Malawi, Mutharika president for second term
South Africa — By AfricaTimes on May 22, 2009 12:30 pmBingu Wa Mutharika was sworn in for a second term as Malawi’s President and vowed to fight corruption and expand a subsidy program that has turned the southern African nation from an aid recipient to a food exporter.
“We will have a bumper, bumper harvest this year because of our subsidy program which will be extended to farming equipment,” Mutharika, 75, said at his inauguration in the commercial capital, Blantyre. “We will continue our program of feeding all Malawians.” Mutharika won the May 19 election for president over his main challenger, John Tembo, while his Democratic Progressive Party had a commanding lead in the races for the 192 contested seats in parliament.
Mutharika campaigned on his record of keeping the southern African nation’s economic growth rate at almost 7 percent and ending years of intermittent food shortages. Tembo, who has refused to accept the defeat, said his Malawi Congress Party would challenge the results peacefully in the courts.
Election monitors from the European Union and the Commonwealth of former U.K. colonies said yesterday that the domination of state-owned media by Mutharika’s party distorted the election campaign in the president’s favor.
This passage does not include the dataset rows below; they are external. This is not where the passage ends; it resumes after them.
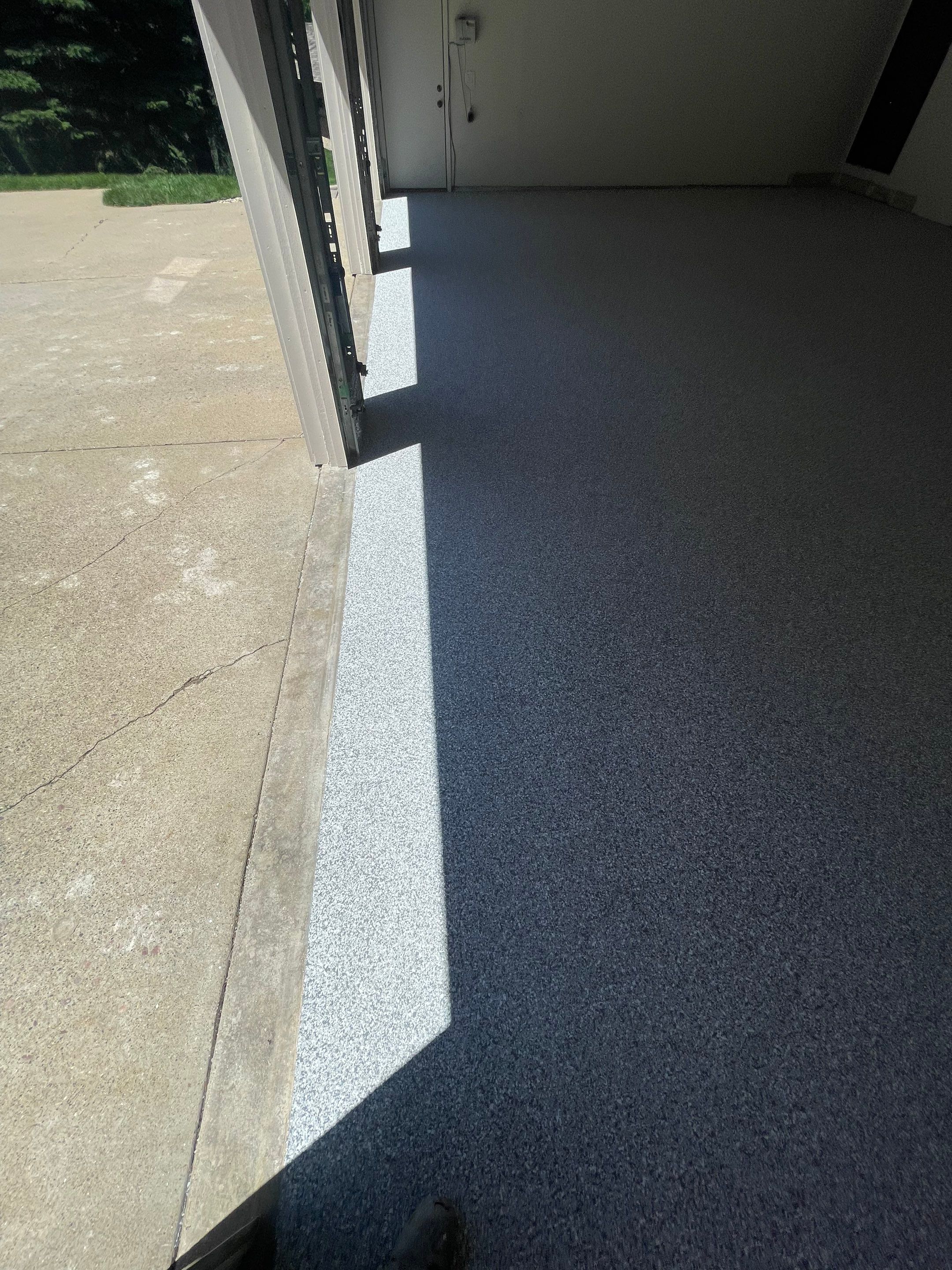 Gray Speckled Epoxy Garage Floor Coating in Sioux Falls by Select Painting, Coatings & Garage Cabinets
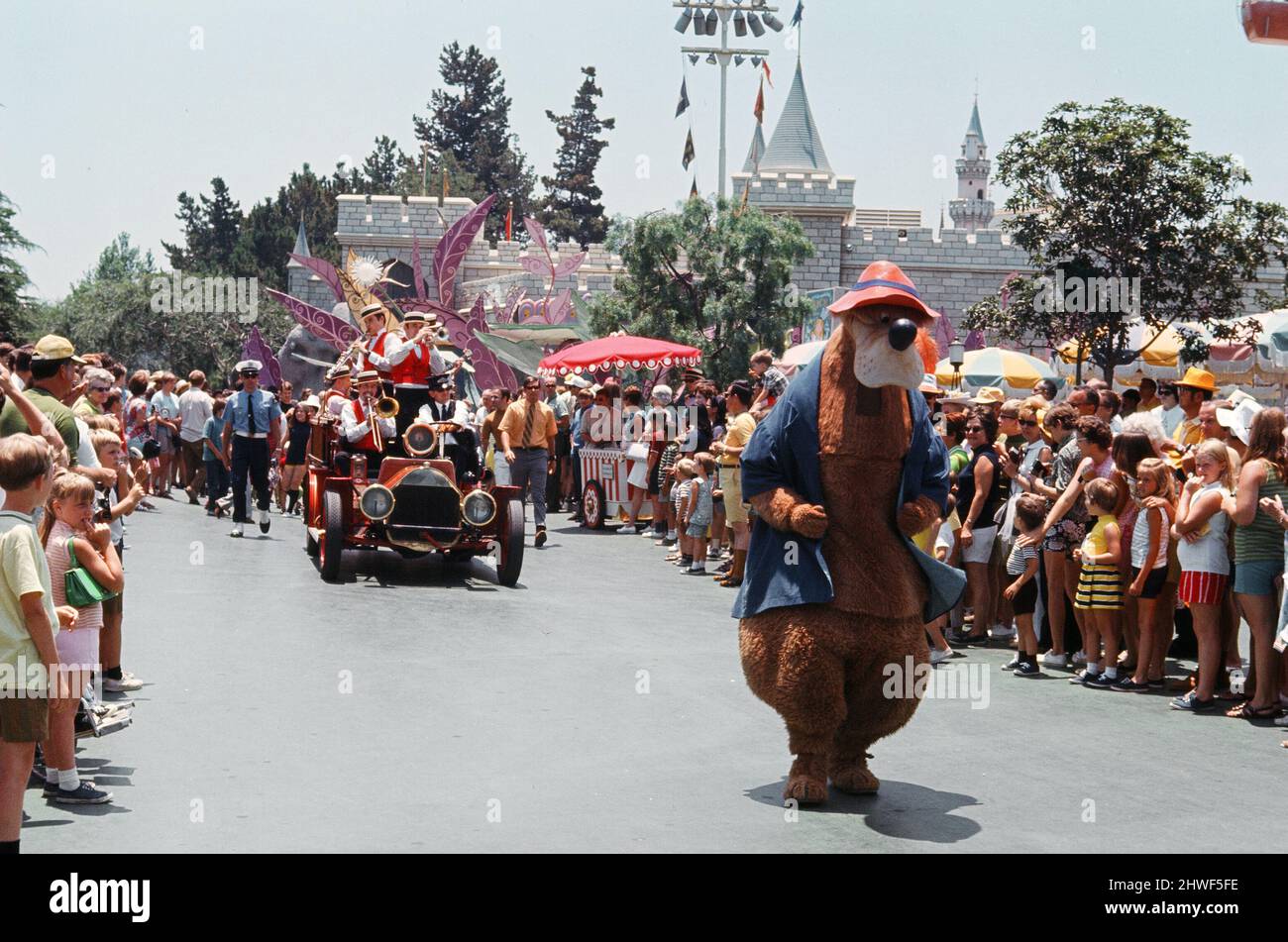 Scenes at the Disneyland theme park in Anaheim, California, United States.  The band playing accompanied by Disney characters during the Main Street parade. June 1970. Stock Photo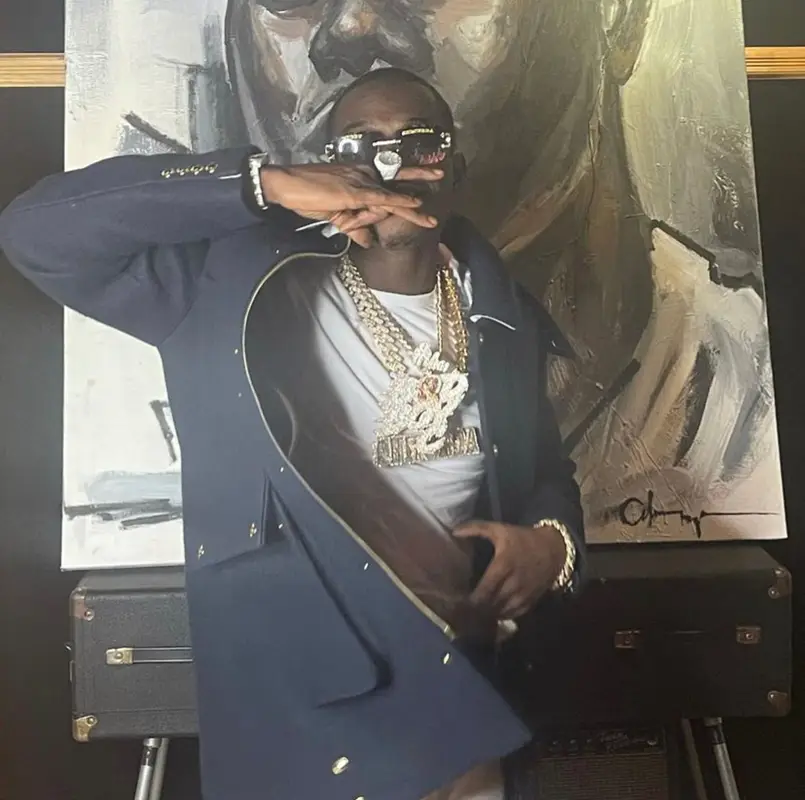 Bobby Shmurda outfit in Thom Browne, Amiri, and Polo Ralph Lauren, 2021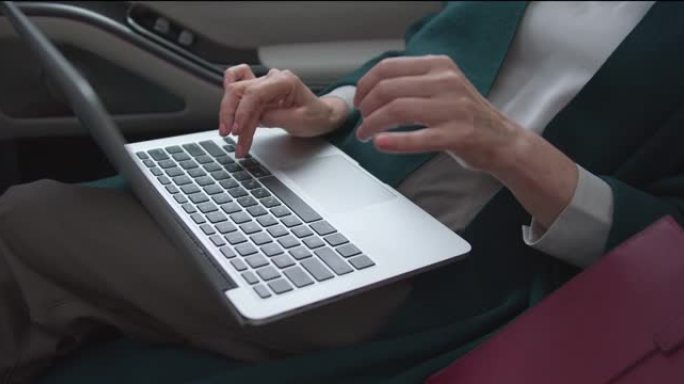 中年女性手的高角度视图，在笔记本电脑上打字，同时作为乘客乘坐汽车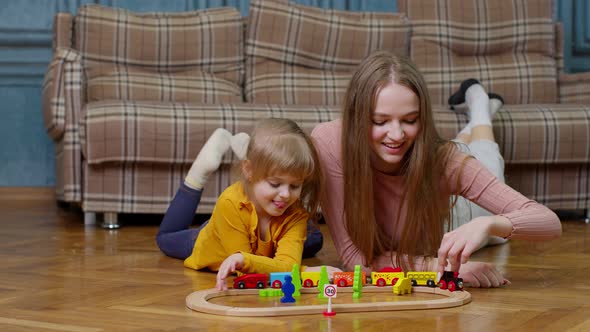 Mother with Little Daughter Child Girl Riding Toy Train on Wooden Railway Blocks Board Game at Home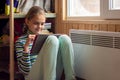 A girl plays in a tablet sitting next to a radiator by a window in a country house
Mutharika thanked former president Bakili Muluzi, who backed Tembo in the race, for attending the inauguration, the first time he has showed up at a government function in five years.
“This is the way things should go,” Mutharika said. “We ought to work together for the good of the nation. Dialogue and reconciliation will heal our nation.” With votes for 144 parliamentary seats counted, the DPP has won 87 to 17 for Tembo’s MCP and 14 for Muluzi’s United Democratic Front, state television reported. Independent candidates captured 24 seats, while two went to smaller parties, it said.
Under Mutharika, a U.S.-trained economist, growth in the country of 14.3 million people averaged 6.6 percent during the past five years. Good weather and subsidies for poor farmers helped to turn Malawi from a regular recipient of aid into an exporter of food.
Eighty-five percent of the people in the landlocked nation live in rural areas.
“In a country where most of the population is rural, it was about getting fertilizer to grow crops and feeding families,” said Rafik Hajat, the director of a Malawian lobby group, the Institute for Policy Interaction in Blantyre.